At Skyfire Consulting we recommend most fire departments operate under a COA because we feel that it provides the most coverage for the department in the most scalable, cost-effective, and manageable way. However, some flights (like demo days, marketing videos) are not covered under the COA, so we still recommend that 1-3 pilots become Part 107 certified as well.


Read here for more info on Part 107 versus COA.



This is the step most agencies start with, probably because it's the most fun. Choosing the right fire drone, or mix of fire drones, for your department depends on several key factors:

  • Types of missions
  • Budget
  • Ease of use/maintence
  • Weather considerations

The primary concern should be the types of missions you anticipate flying. If you intend to do search and rescue, wildfire, or scene size-up missions then long flight times, weather-resistance, and ensuring your drone can carry a thermal camera are important factors. If budget is a concern, then there are a plenty of lower cost drones that can get your fire department quick eyes in the sky.

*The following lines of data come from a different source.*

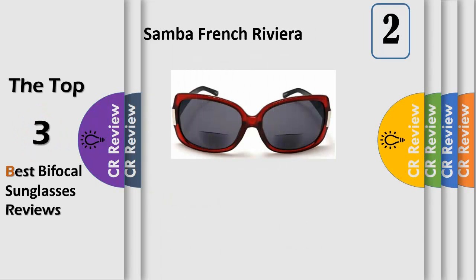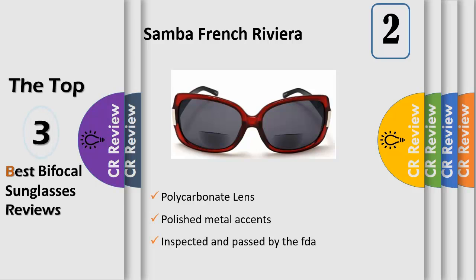Almost invisible bifocals: regular sunglasses on top with your choice of almost invisible optic powers at the bottom, perfect for outdoor reading and distance viewing. No longer will you need to carry multiple pairs of glasses. Frame polycarbonate lens, optically correct and maximum precision for long term comfort reading.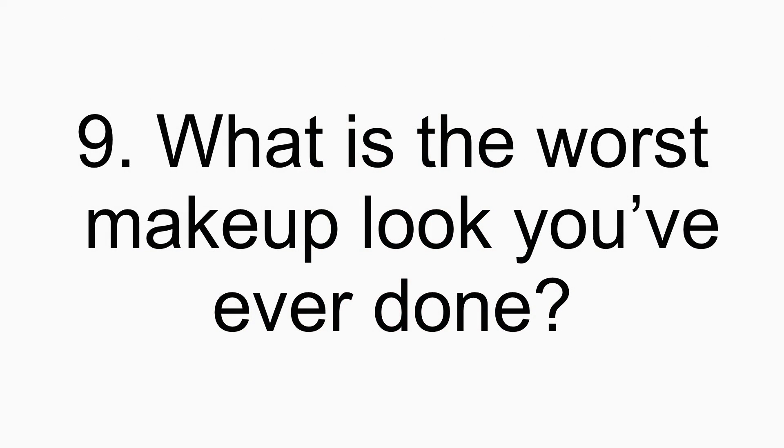Number nine: what is the worst makeup look you've ever done? I don't even know where to begin — I have so many terrible makeup looks. I'm definitely not an expert. Anytime I try techniques that are new to me it usually ends up pretty terribly. I think one of the worst looks was actually recently the Tom Ford lid lacquer — it was black and it just really looked like I spread black grease or tar on my face. I kept smearing it. That's definitely one of the worst looks I've ever done.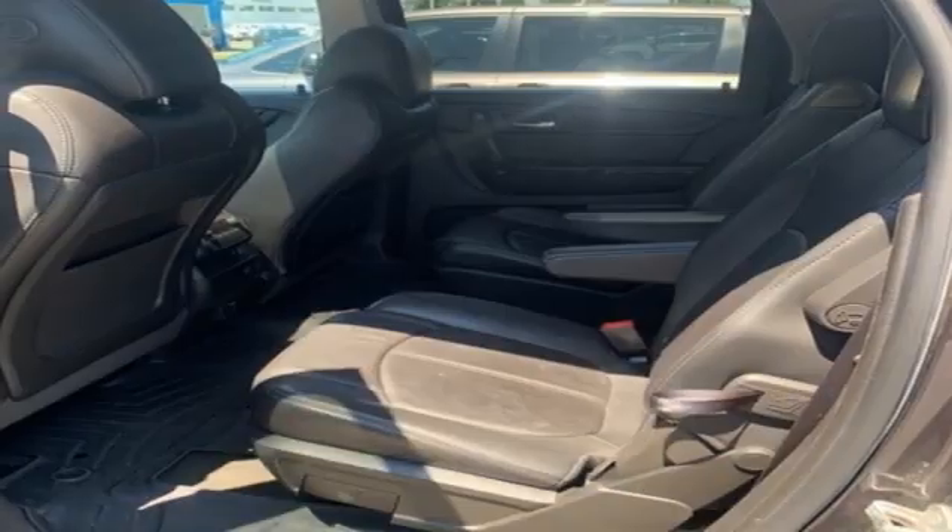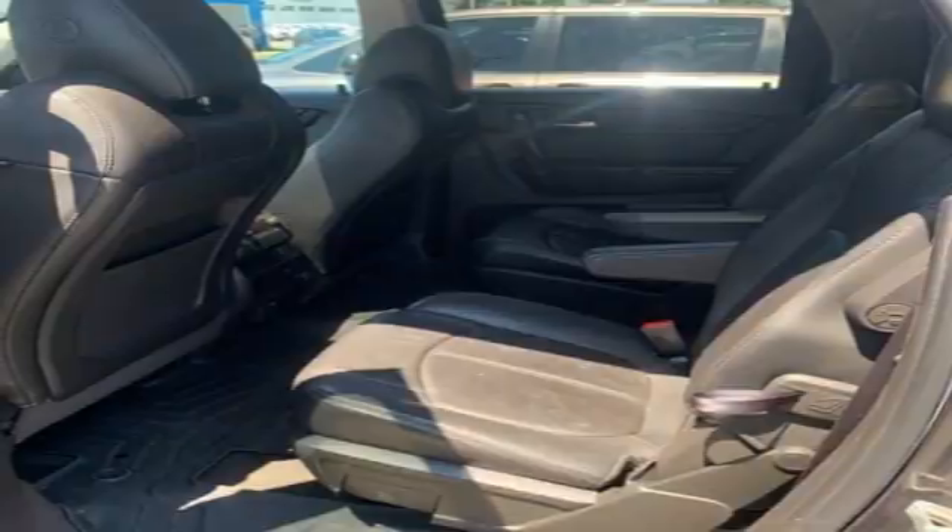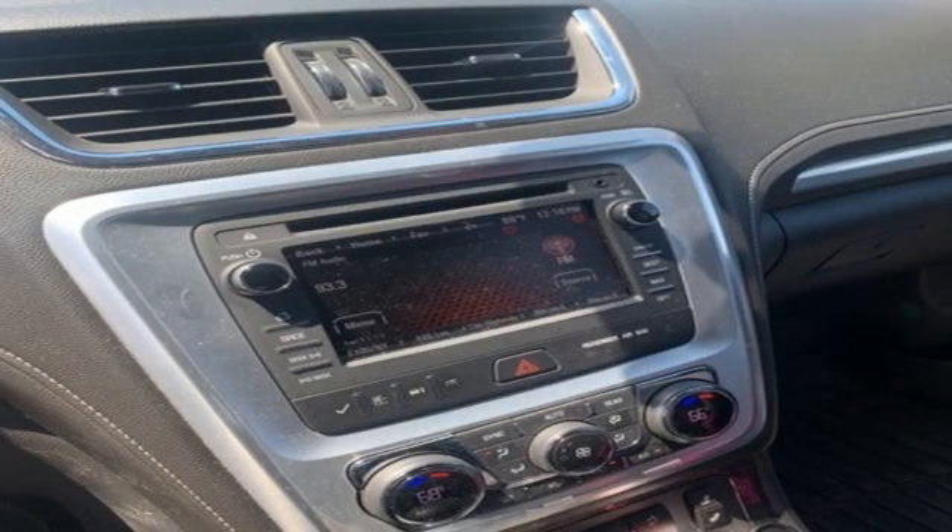Remote engine start, external memory control, power sliding and tilting sunroof, wireless phone connectivity, and automatic transmission.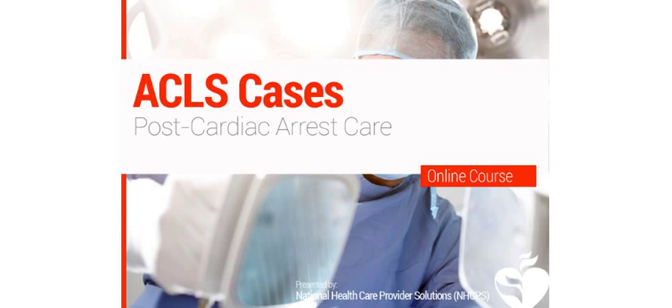Our next lesson will cover post-cardiac arrest care. If a patient has returned spontaneous circulation, start post-cardiac arrest care immediately. The initial BLS and ECLS processes are meant to save a patient's life. Post-cardiac arrest care is meant to optimize ventilation and circulation, preserve heart and brain tissue, and maintain recommended blood glucose levels.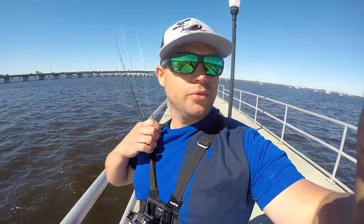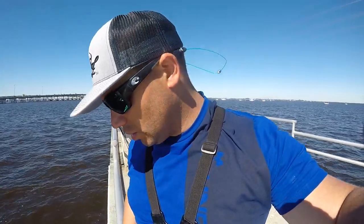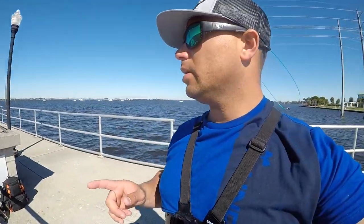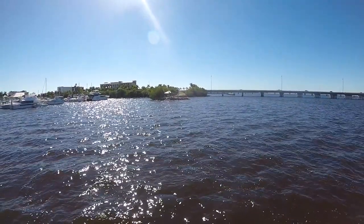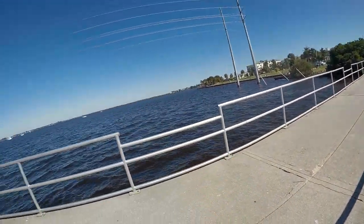Welcome back y'all, it's your boy Sam with Flask Fever Fishing. Today I drove about 40-45 minutes north and just arrived at this marina. They've got a public pier, a bunch of little rock walls — there's a nice wall right there that goes around. It's a bit windy today so I don't know how that's going to affect things, and it's a little cool — right before a cold front — so that might affect them as well, but we're gonna try and see what happens.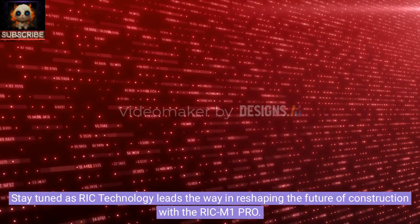Stay tuned as Rick Technology leads the way in reshaping the future of construction with the Rick M1 Pro.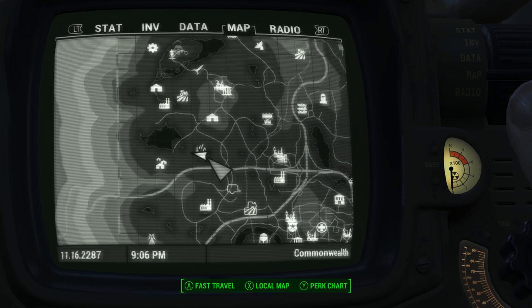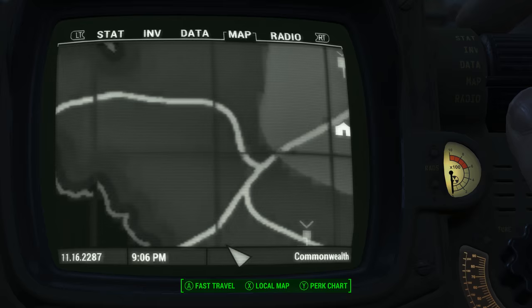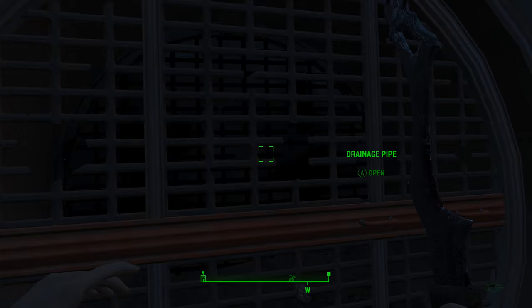From there, just head south down to this little body of water down here where you see us at right now. I'll zoom in and show you something. Here's where we are exactly in this location. The reason I point this out is there is a drainage tunnel down here that you want to access down in the pond, and this is going to take you down to where you need to go get your book.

Check out our stable of quality drones!


Once you've identified your regulatory framework and ordered your equipment, it's time to identify the number of operators you'll be training and creating a training regimen for them. Keep in mind that neither Part 107 nor the COA process trains the operator how to fly a drone so you will need to provide hands-on training for your operators either through a consultant like Skyfire, or by developing your own regimen. Some key things to consider when creating a training program are:

  • 101 training - establishing a baseline measurement of operator proficiency
  • Maintenance and reporting - ensuring that all operators understand how to maintain the equipment, and manage FAA reporting requirements
  • Currency - creating a framework for operators to keep up to date with their flight training so that their skills don't go "stale."


Learn more about fire drone training



The last step to developing a fire drone program is to take the three previous steps and pull them all together into a single document, or series of documents, so that the program can replicate itself moving forward. Fortunately most fire departments are comfortable developing SOPs, and so this is often a step that many are capable of handling themselves. There are some important things to remember:

  • Who is responsible for the maintenance of the drones and reporting?
  • When will drones be deployed?
  • Where are you allowed to fly legally, and where do you need additional authorization?
  • Important equipment information like serial number, which batteries go where, etc.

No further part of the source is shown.